Disjointed regulation, CCP support and the future of swaps trading
The week on Risk.net, October 20–26 2017
Bankers lament growing global regulatory fragmentation: Piecemeal roll-out of Basel III will be “enormously costly”
Reporting rules key for EU-US swaps trading equivalence: Market participants welcome outcomes-based approach, but need clarity where rules differ
CCPs say central bank access needed to avoid liquidity crisis: Uniform access to deposit accounts and overnight liquidity vital, say market participants
COMMENTARY: New risks and old problems
The annual Risk USA conference opened in New York this week, and the atmosphere has been far from cheerful. Though the US has seen more than seven years of economic growth since the end of the financial crisis, the gains made in the post-crisis period now seem to be eroding, while new causes for concern are growing rapidly.
Last week, regulatory fragmentation made the news in the UK-EU context, with the continental regulatory consensus splitting apart in the wake of the UK’s Brexit vote.

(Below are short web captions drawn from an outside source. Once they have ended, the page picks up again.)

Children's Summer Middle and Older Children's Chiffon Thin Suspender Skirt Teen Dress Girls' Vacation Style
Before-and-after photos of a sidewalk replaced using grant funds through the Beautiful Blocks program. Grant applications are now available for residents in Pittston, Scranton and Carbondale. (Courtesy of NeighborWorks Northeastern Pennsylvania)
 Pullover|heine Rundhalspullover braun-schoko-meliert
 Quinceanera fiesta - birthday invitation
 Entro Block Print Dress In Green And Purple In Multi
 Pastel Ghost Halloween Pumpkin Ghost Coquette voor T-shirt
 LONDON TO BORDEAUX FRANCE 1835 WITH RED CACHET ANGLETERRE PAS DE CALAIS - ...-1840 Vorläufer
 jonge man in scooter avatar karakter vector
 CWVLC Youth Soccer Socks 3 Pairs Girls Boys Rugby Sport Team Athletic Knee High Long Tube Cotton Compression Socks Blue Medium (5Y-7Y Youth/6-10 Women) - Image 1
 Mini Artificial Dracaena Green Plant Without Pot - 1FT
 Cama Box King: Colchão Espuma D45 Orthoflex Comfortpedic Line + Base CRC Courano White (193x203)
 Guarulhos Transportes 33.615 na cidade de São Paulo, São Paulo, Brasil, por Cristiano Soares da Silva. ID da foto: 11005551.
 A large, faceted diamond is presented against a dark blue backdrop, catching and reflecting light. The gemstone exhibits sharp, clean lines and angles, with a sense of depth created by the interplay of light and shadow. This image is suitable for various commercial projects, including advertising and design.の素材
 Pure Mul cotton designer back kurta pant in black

This week it’s a global concern, with speakers in New York warning that the implementation of the Basel III capital standards, the cornerstone of the post-crisis regulatory edifice, will be slower and more expensive as a result of the failure of different countries’ financial regulators to play well together. Even the regulations themselves are proving unco-operative, with some banks worried about a costly and intractable clash between the Volcker rule and FRTB requirements.
Meanwhile a senior regulator warned that growing interest rate risk, which he traced to the unusually low and stable rates environment since the crisis, was being under-appreciated by US banks – and could lead to sudden increases in stress, especially as the US Federal Reserve raises rates and tapers off its lending. Herding behaviour could also be a problem, as banks have tended to converge on similar risk models, often provided by the same small set of vendors, to model interest rate risk in the banking book.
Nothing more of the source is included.